**EXERCISE DETAILS:** Find the line below with "What Lola Wants" and the line with "Example 8: If". Output exactly those lines and everything between them, leaving out the pictures.

**INPUT DATA:**
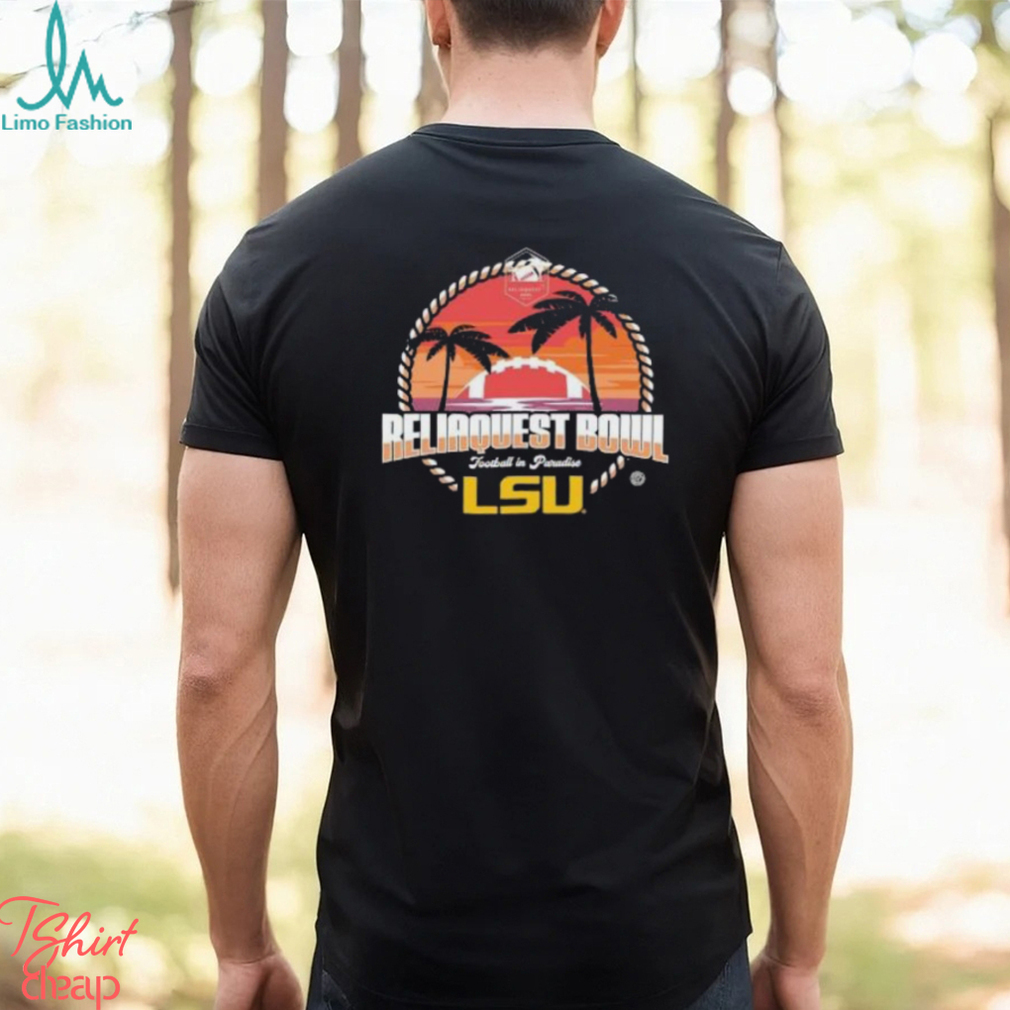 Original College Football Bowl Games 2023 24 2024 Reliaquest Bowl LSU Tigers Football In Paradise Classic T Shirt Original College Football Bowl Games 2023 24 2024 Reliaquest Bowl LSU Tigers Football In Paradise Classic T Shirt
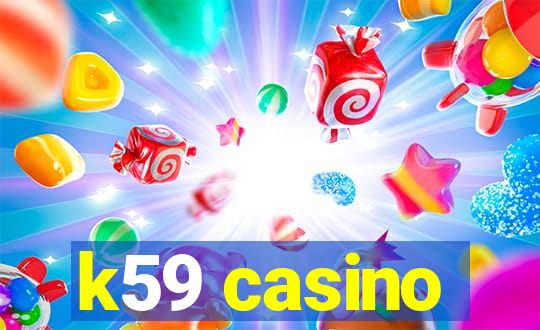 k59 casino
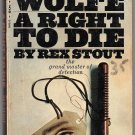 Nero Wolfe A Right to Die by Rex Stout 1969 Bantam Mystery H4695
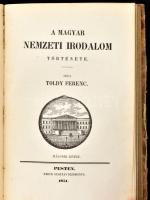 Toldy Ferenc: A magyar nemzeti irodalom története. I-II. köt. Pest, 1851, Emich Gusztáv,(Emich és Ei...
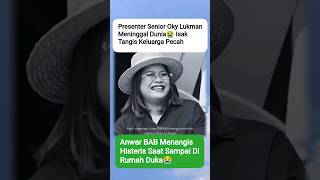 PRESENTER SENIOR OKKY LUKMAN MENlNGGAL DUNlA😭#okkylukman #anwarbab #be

--

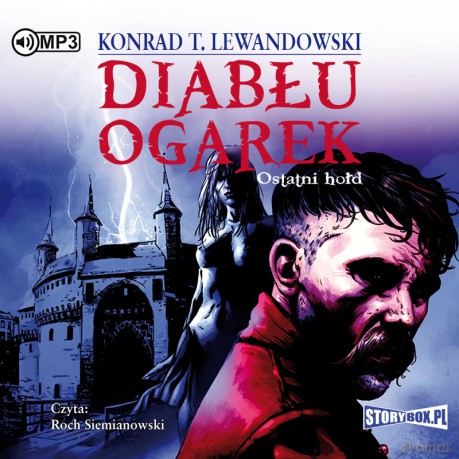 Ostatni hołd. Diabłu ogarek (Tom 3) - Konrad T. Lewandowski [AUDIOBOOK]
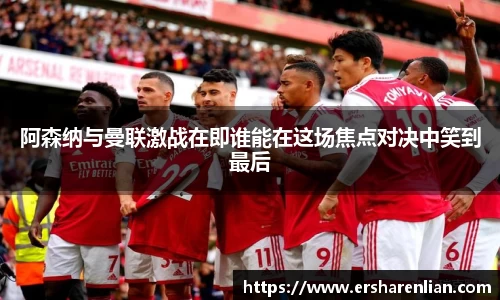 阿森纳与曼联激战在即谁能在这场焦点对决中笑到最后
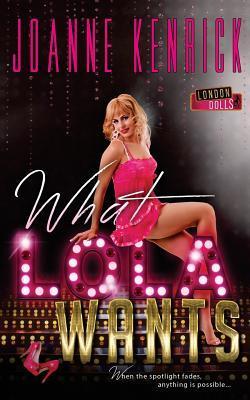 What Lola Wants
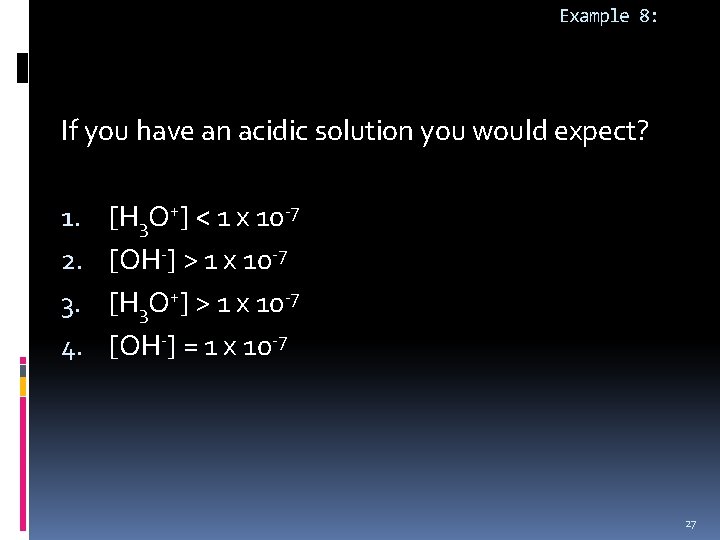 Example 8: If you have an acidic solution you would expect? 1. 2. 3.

* * *

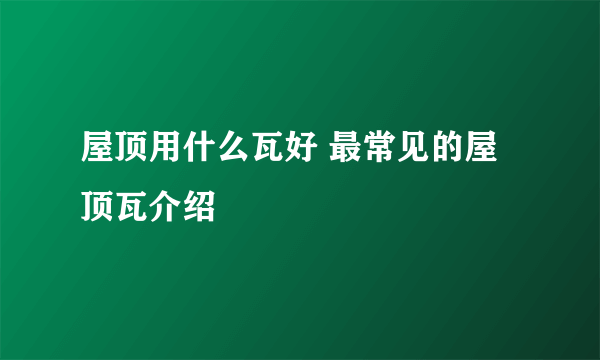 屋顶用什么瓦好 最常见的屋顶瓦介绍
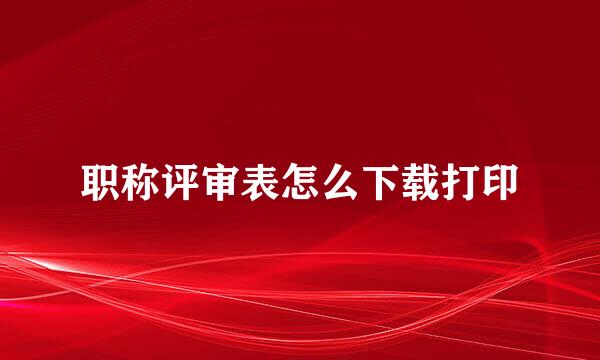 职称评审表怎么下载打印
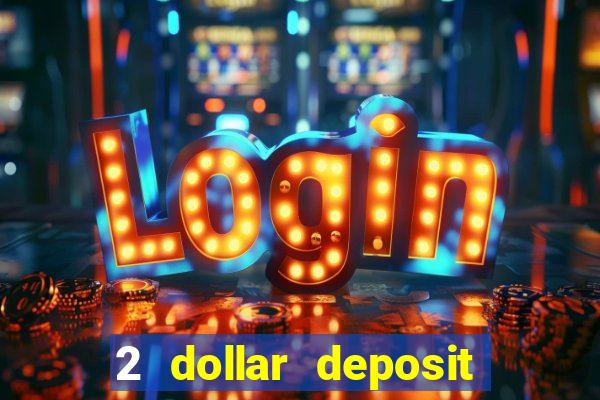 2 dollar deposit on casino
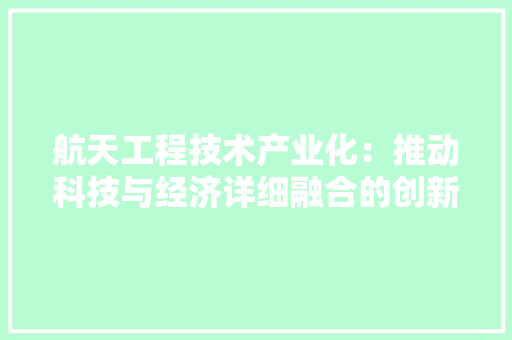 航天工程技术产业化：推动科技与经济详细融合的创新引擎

**RESULT BELOW:**
 What Lola Wants
 Example 8: If you have an acidic solution you would expect? 1. 2. 3.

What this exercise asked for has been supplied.